*AIM OF THE TASK*
The full listing, word for word and free of images, is the expected result.

*MATERIAL SHOWN*
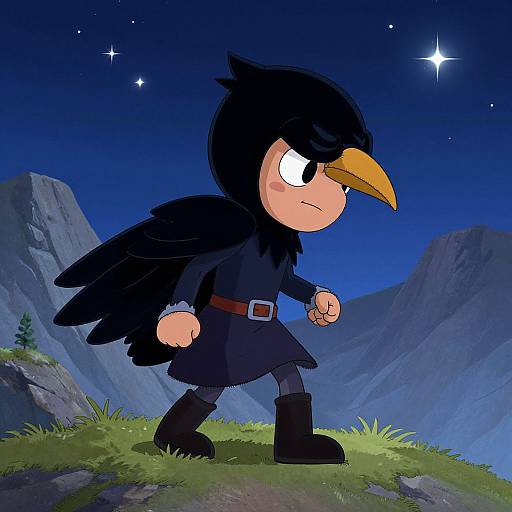 Cartoon black-feathered bird character with orange beak, wearing dark clothes, stands determined on grassy mountain under starry night sky. Digital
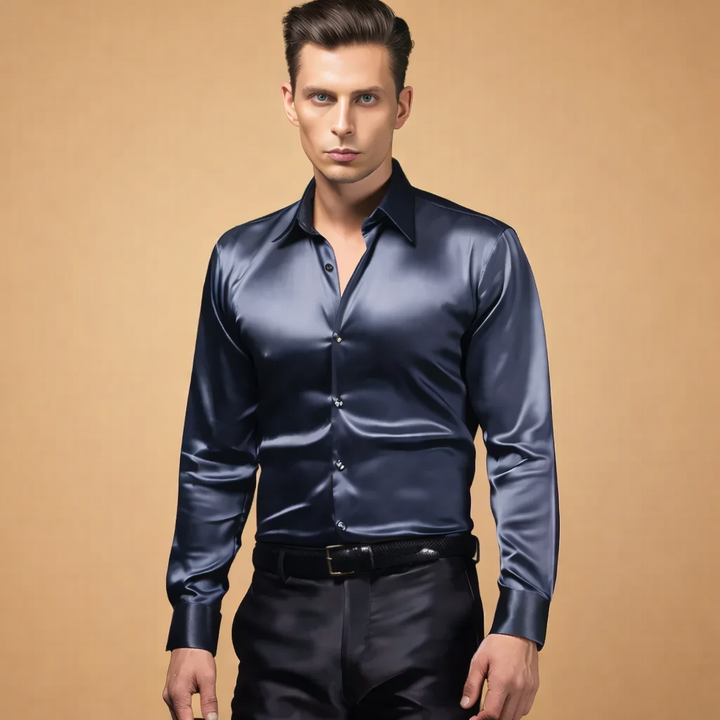 Męska koszulka polo z długim rękawem, elegancki styl biznesowy i smart casual.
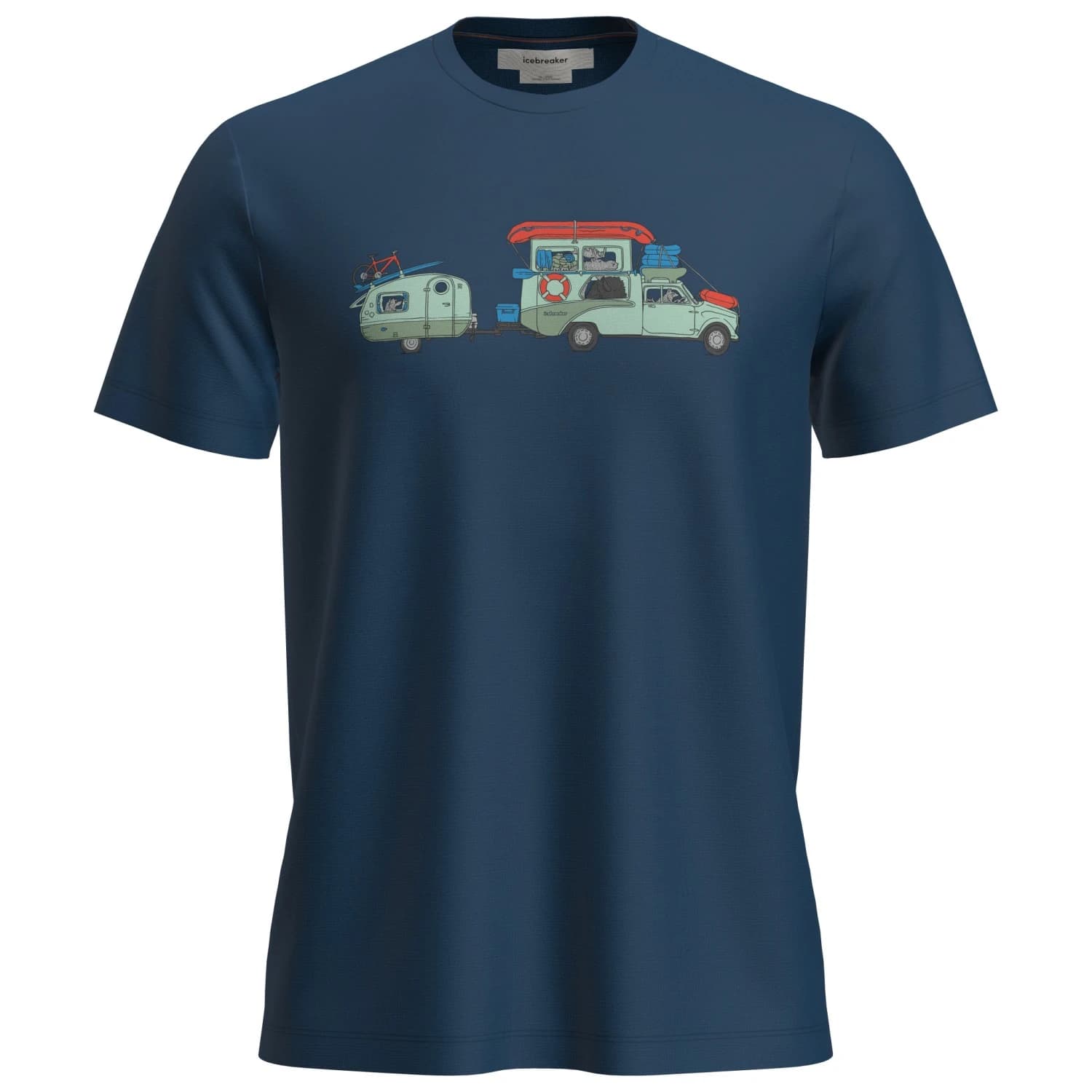Мъжка мериносова блуза Icebreaker Merino 150 Tech Lite S/S Tee Transportage Merino shirt - Atlantis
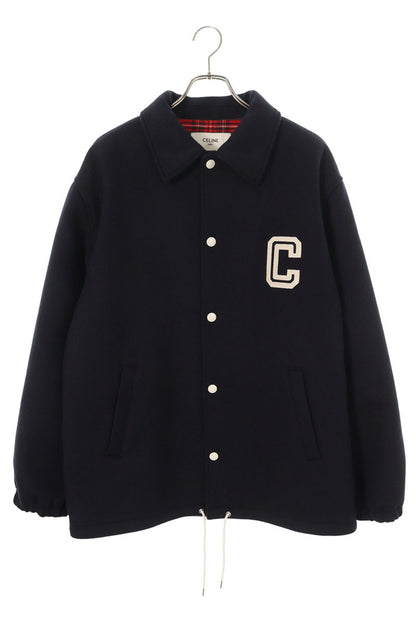 CELINE Check Lining Double Face Logo Patch Jacket Size L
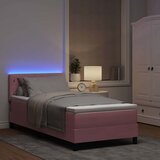  LED Box Spring Krevet Ružičasta 100 x 200 cm Baršun | shoptok.hr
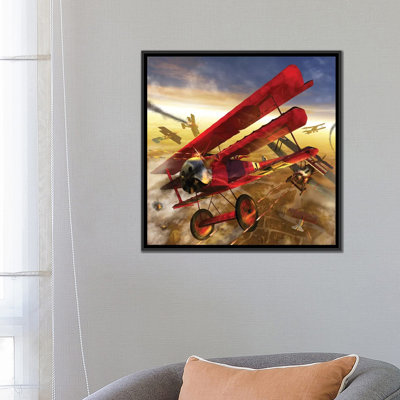 «German Triple Wing Biplane the Red Baron» par Kurt Miller, impression sur giclée sur toile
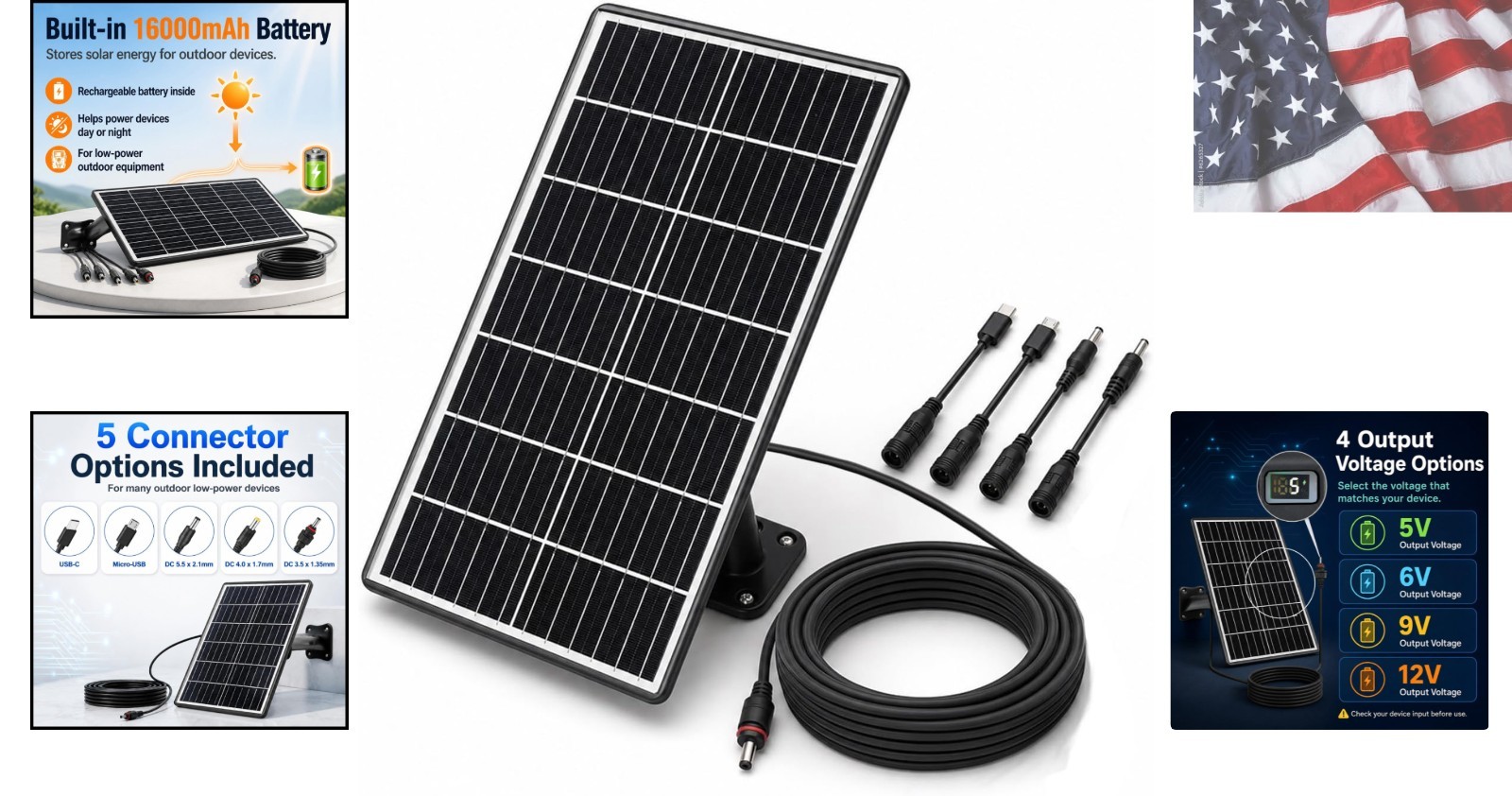 15W Solar Panel Kit with Built-in 16000mAh Battery Voltage: 5V/6V/9V/12V Curr…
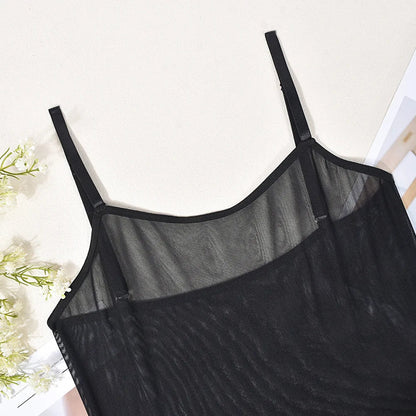 Ellolace Lace Bodysuit Sheer Mesh One Piece Bright Body Women Solid Sexy Top Crotchless Sissy Naked Tight Fitting Teddy Lingerie luvshop24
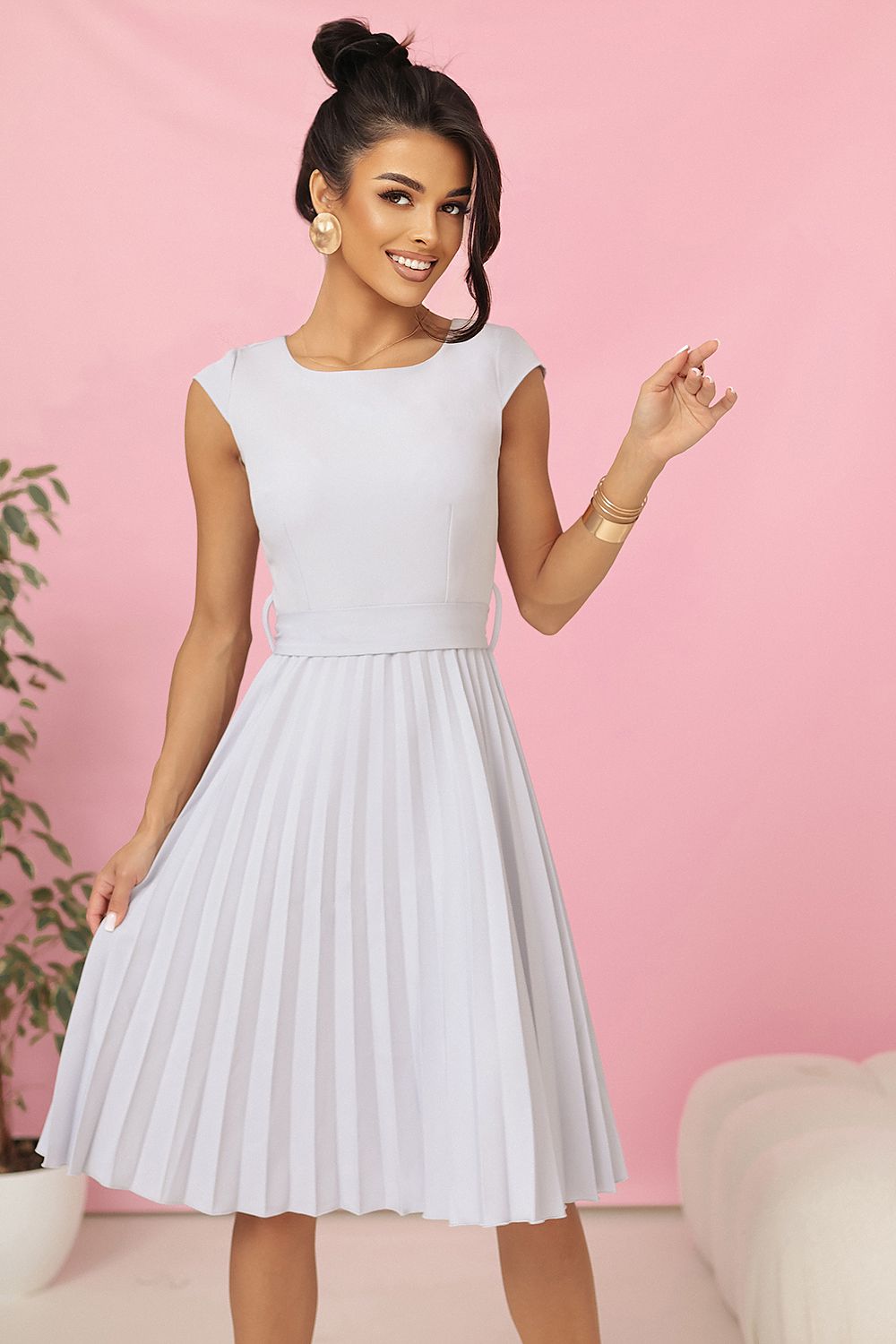 Robe plissée Arlavia zip gris | Zachoo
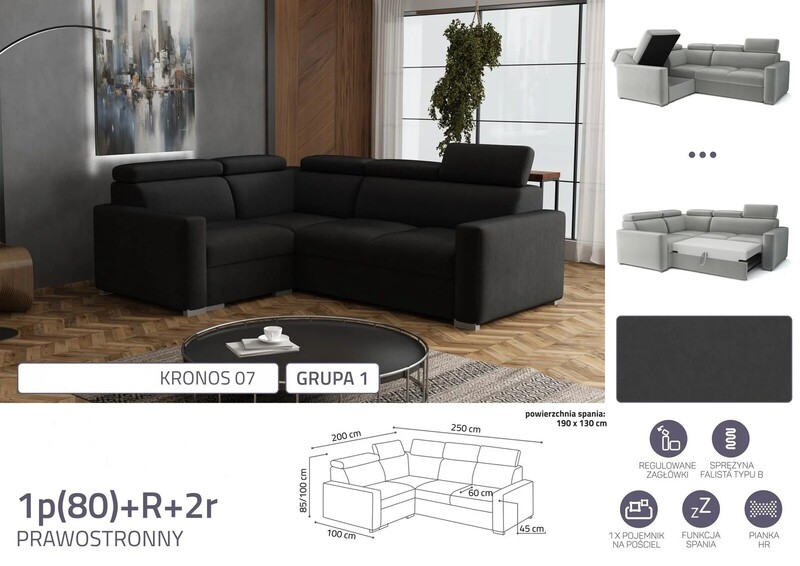 Stūra dīvāns izvelkams Pino 1p(80)+R+2r
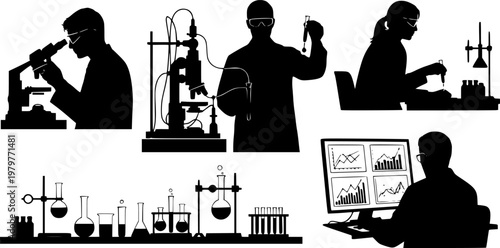 Silhouette vector illustration of scientists working in laboratory, researchers conducting experiments, analyzing samples, and using microscope for scientific research and innovation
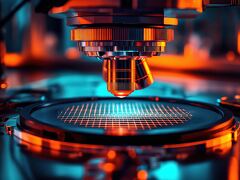 Advanced microscope inspecting a patterned surface in a laboratory setting during an evening research session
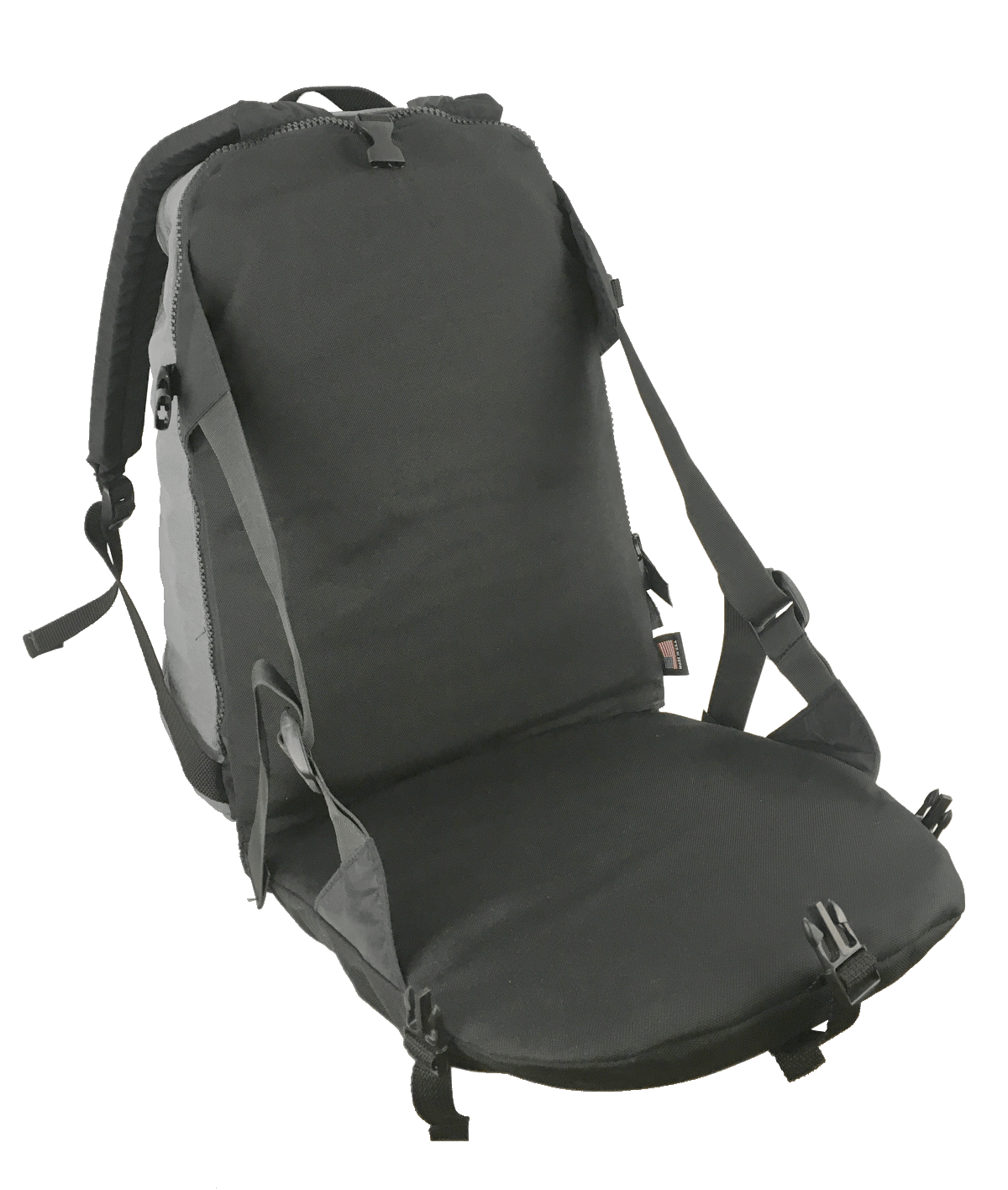 Made in USA FOLD-OUT CAYUGA: Backpack built-in stadium seat Backpacks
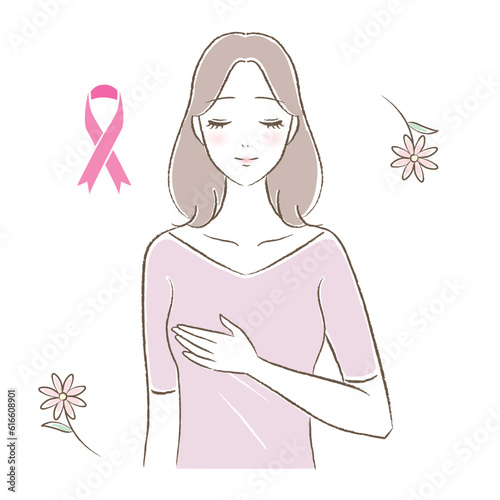 ピンクリボン 乳がん検診と女性イラスト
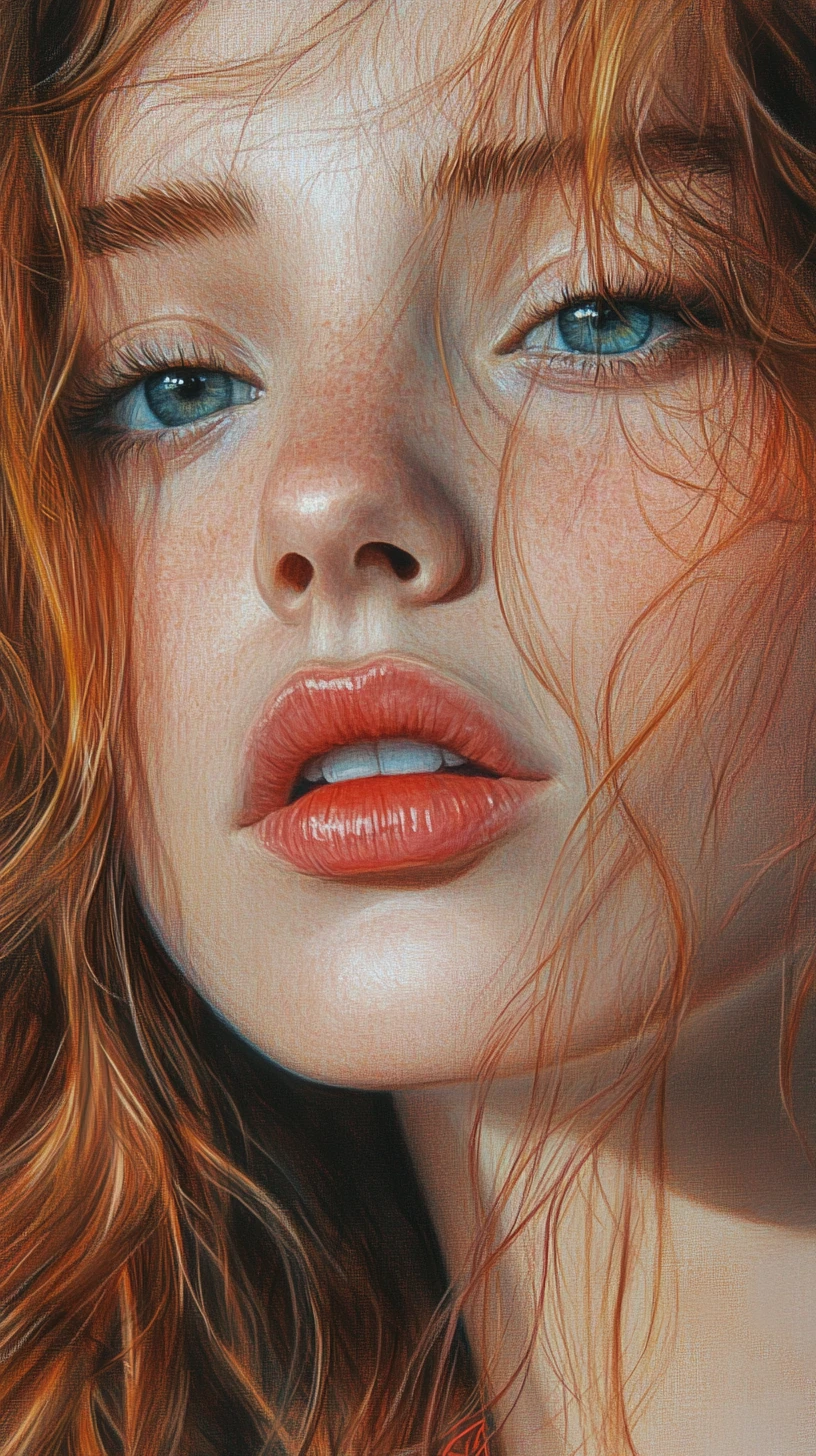 Color pencil portrait of a freckled girl with green eyes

*WRITTEN RESPONSE*
 Cartoon black-feathered bird character with orange beak, wearing dark clothes, stands determined on grassy mountain under starry night sky. Digital
 Męska koszulka polo z długim rękawem, elegancki styl biznesowy i smart casual.
Мъжка мериносова блуза Icebreaker Merino 150 Tech Lite S/S Tee Transportage Merino shirt - Atlantis
 CELINE Check Lining Double Face Logo Patch Jacket Size L
  LED Box Spring Krevet Ružičasta 100 x 200 cm Baršun | shoptok.hr
 «German Triple Wing Biplane the Red Baron» par Kurt Miller, impression sur giclée sur toile
 15W Solar Panel Kit with Built-in 16000mAh Battery Voltage: 5V/6V/9V/12V Curr…
 Ellolace Lace Bodysuit Sheer Mesh One Piece Bright Body Women Solid Sexy Top Crotchless Sissy Naked Tight Fitting Teddy Lingerie luvshop24
 Robe plissée Arlavia zip gris | Zachoo
 Stūra dīvāns izvelkams Pino 1p(80)+R+2r
 Silhouette vector illustration of scientists working in laboratory, researchers conducting experiments, analyzing samples, and using microscope for scientific research and innovation
 Advanced microscope inspecting a patterned surface in a laboratory setting during an evening research session
 Made in USA FOLD-OUT CAYUGA: Backpack built-in stadium seat Backpacks
 ピンクリボン 乳がん検診と女性イラスト
 Color pencil portrait of a freckled girl with green eyes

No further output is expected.